Designing an Optimal Sensor Network via Minimizing Information Loss
Daniel Waxman, Fernando Llorente, Katia Lamer, Petar M. Djurić
TL;DR
The paper tackles sensor placement for spatiotemporal processes by leveraging physics-based simulations within a Bayesian experimental design framework. It introduces the Minimizing Information Loss (MIL) criterion, grounded in a sparse variational Gaussian process (ST-SVGP) backbone, to select sensor locations that preserve information captured by simulators while enabling scalable, continuous optimization. MIL connects to inducing-point variational inference, allowing joint learning of hyperparameters and sensor placements, and accommodates practicalities like existing sensors and sensor removal.

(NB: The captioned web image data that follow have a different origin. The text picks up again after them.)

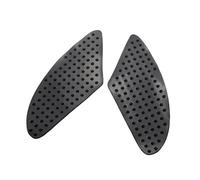 MCQNDS Calcomanía Tanque Motocicleta para Y&amaha para XSR 155 250 300 700 FJR1300 YZF-R25 YZF-R3 Almohadilla Tracción Tanque Adhesivo Antideslizante Protector Agarre Lateral(Black)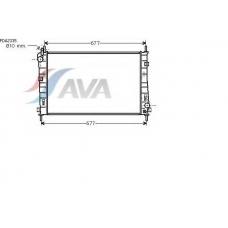 FDA2335 GERI Радиатор, охлаждение двигател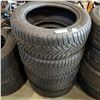 Image 1 : SET OF 4 DUNLOP GRANDTREK WT M3 M/S RUN FLAT 255/55 R18 TIRES - 65% TREAD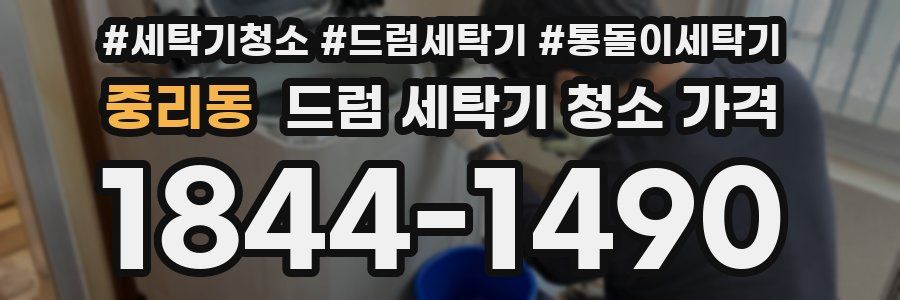 중리동 드럼 세탁기 청소 가격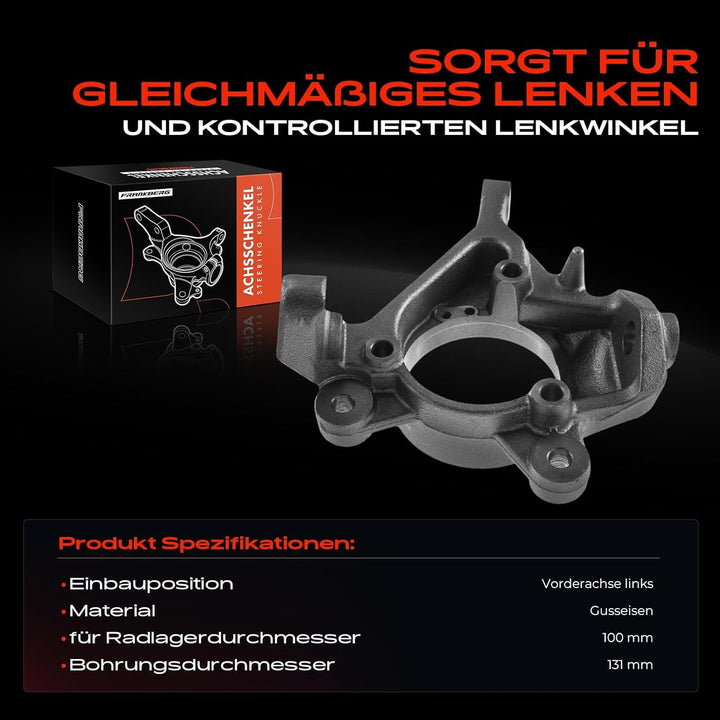 Achsschenkel Radlager Vorne Links für Grand Cherokee II WJ WG 1999-2004 5011977AB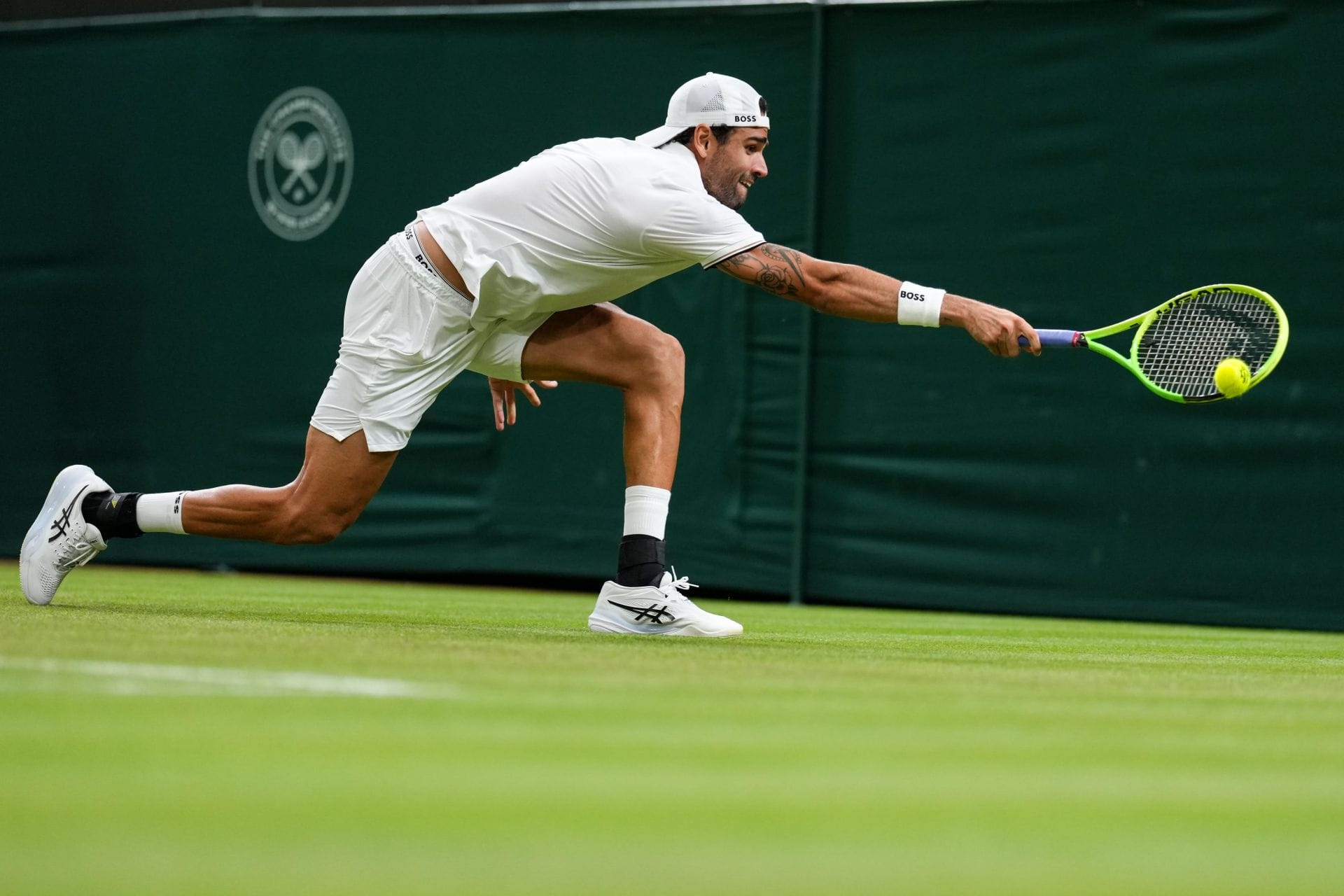 Berrettini em Wimbledon 2026 (fonte da imagem: Getty)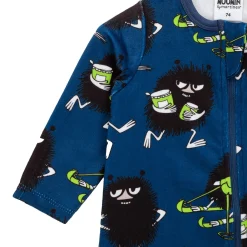 Muumi Vintiö-veluuripyjama sininen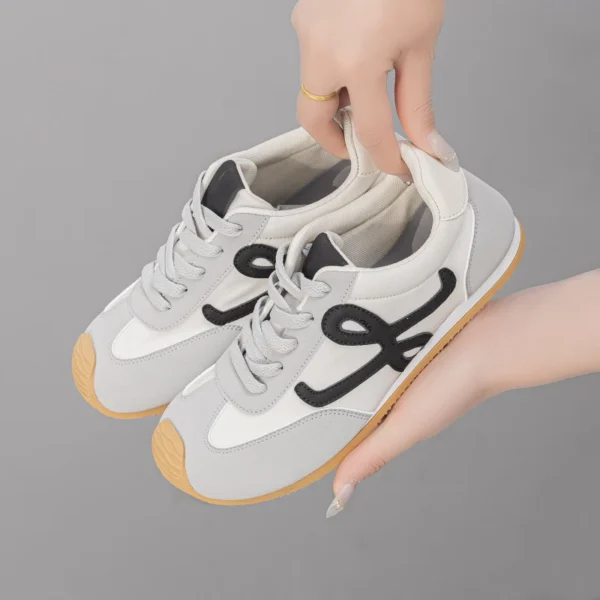 Women's Shoes New Retro Color Matching Flat Shoes Casual All-match Fashion Women's Summer Shoes Casual Shoes 2025 - Image 2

A Phoenix, Arizona case study using the Weather Research and Forecasting model demonstrates that MIL-based designs with relatively few sensors achieve superior predictive performance and calibrated uncertainty compared with traditional baselines, highlighting the approach’s potential for climate and physics-informed sensing tasks.
Abstract
Optimal experimental design is a classic topic in statistics, with many well-studied problems, applications, and solutions. The design problem we study is the placement of sensors to monitor spatiotemporal processes, explicitly accounting for the temporal dimension in our modeling and optimization. We observe that recent advancements in computational sciences often yield large datasets based on physics-based simulations, which are rarely leveraged in experimental design. We introduce a novel model-based sensor placement criterion, along with a highly-efficient optimization algorithm, which integrates physics-based simulations and Bayesian experimental design principles to identify sensor networks that "minimize information loss" from simulated data. Our technique relies on sparse variational inference and (separable) Gauss-Markov priors, and thus may adapt many techniques from Bayesian experimental design. We validate our method through a case study monitoring air temperature in Phoenix, Arizona, using state-of-the-art physics-based simulations. Our results show our framework to be superior to random or quasi-random sampling, particularly with a limited number of sensors. We conclude by discussing practical considerations and implications of our framework, including more complex modeling tools and real-world deployments.